宿屋迷えるかすみ草


 王都につく頃には辺りはすっかり日が暮れていた。駅内は明るかったから忘れていたけれど、もう夕方だ。

 それでも、ラウレラはさすが王都といわんばかりの賑わいである。

 舗装された道はずっと先まで続き、レンガ造りの建物が建ち並ぶ。ずらっと並んだ酒場から、楽しそうな笑い声が聞こえてきた。

 鼻をくすぐる美味しそうな匂いは、私の空腹を誘うには充分である。ミラさんに紹介された宿にも飯屋はあるみたいだけど……せっかくだしどこかで食べたいよね。


「煮込み料理の専門店、田舎料理のお店、お魚料理……たくさんあるなぁ。マンドラゴラのサラダなんてのもあるんだ」


 歩きながら私は看板を見る。

 どれも美味しそうで迷っちゃうな……。どうしよう。

 頭を抱えた私は、あるお店に入ることにした。


「いらっしゃいませぇ、お好きな席へどうぞぉ」


 開放された入口から入ると、忙しそうに料理を運ぶウェイトレスが顔だけ向けて席へ促す。

 ちょうど夕飯時なので店内は混雑していた。

 私はキョロキョロと中を見渡して、窓際の二人席につく。布張りのされた木製の椅子は私が座るとキィと軋んだ音を出した。


 サミルの食事亭――ごく一般的な西洋料理を扱うレストラン。

 気になるお店はたくさんあったけれど、食べ慣れない物に挑戦するのは少し気が引けたので口に合いそうなものが多い場所にしたのだ。


(お腹壊したら嫌だもん)


 メニューは恐らくこの店の看板料理の写真がいくつかと、名前と簡単な説明が書かれた簡素なものだ。

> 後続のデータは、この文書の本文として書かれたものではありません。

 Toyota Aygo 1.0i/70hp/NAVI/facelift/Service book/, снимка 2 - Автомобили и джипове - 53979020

 ベーコンとキノコのキッシュ、気まぐれオムライス……へぇ、中のライスとソースは日替わりなんだ。


「ご注文はお決まりですか?」


 先程案内してくれたウェイトレスとは別の女性が水の入ったグラスを運ぶ。肩で切りそろえられた髪を耳にかけて注文を聞く。


「えーと、この気まぐれオムライスを」

「かしこまりました」


 メニューをウェイトレスに預けて窓へ視線を移した。水を一口飲んで喉を潤す。グラスを机に戻すとカランと氷がぶつかった。

 窓の外はもう日が暮れているのが嘘みたいに賑やかだ。剣や盾を装備している人が多いのも王都特有だろう。

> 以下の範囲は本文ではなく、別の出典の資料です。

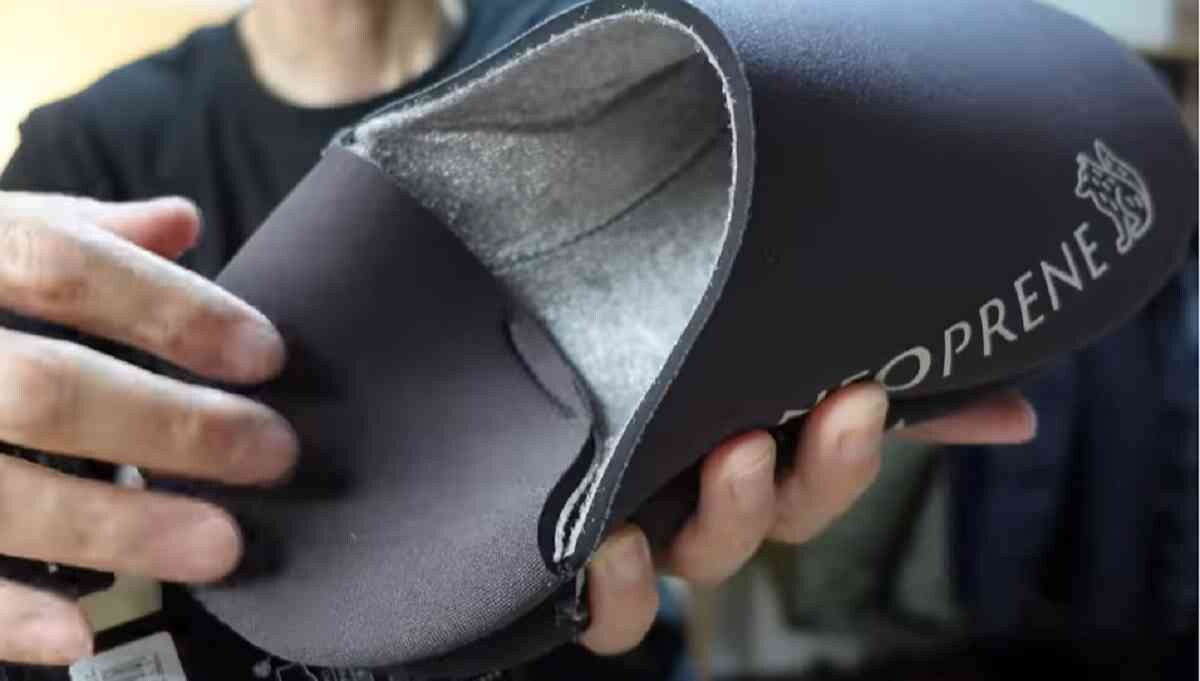 【ワークマン】2WAYルームシューズ（1500円）┃冬の部屋履きで足元の防寒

 明日は商業ギルドにも寄ってみようかな……そんなことを考えていると料理が運ばれてきた。


 今日のオムライスは、トマトソースらしい。

 黄金の玉子に赤いソースのコントラストが素晴らしい。オムライスの定番はデミグラスかトマトか、よく論争が繰り広げられるが、私は断然トマトソース派だ。トマトの酸味がアクセントになってよろしい。


「いただきまーす……」


 まるでお山のように盛られたオムライスにスプーンを刺すと、少しの抵抗のあとにふわっと沈む。

 中はチキンライスだろうか?

 ごろっとした鶏肉と野菜が隙間から見えた。

 それらを一緒に口に運べば、口内に濃厚な玉子の風味とケチャップの効いたチキンライスの酸味が広がる。


「おいしい!」


 思わず声に出してしまった。

 それほど美味しかったのだ。私は残りも全部食べて、空になったお皿にスプーンを置く。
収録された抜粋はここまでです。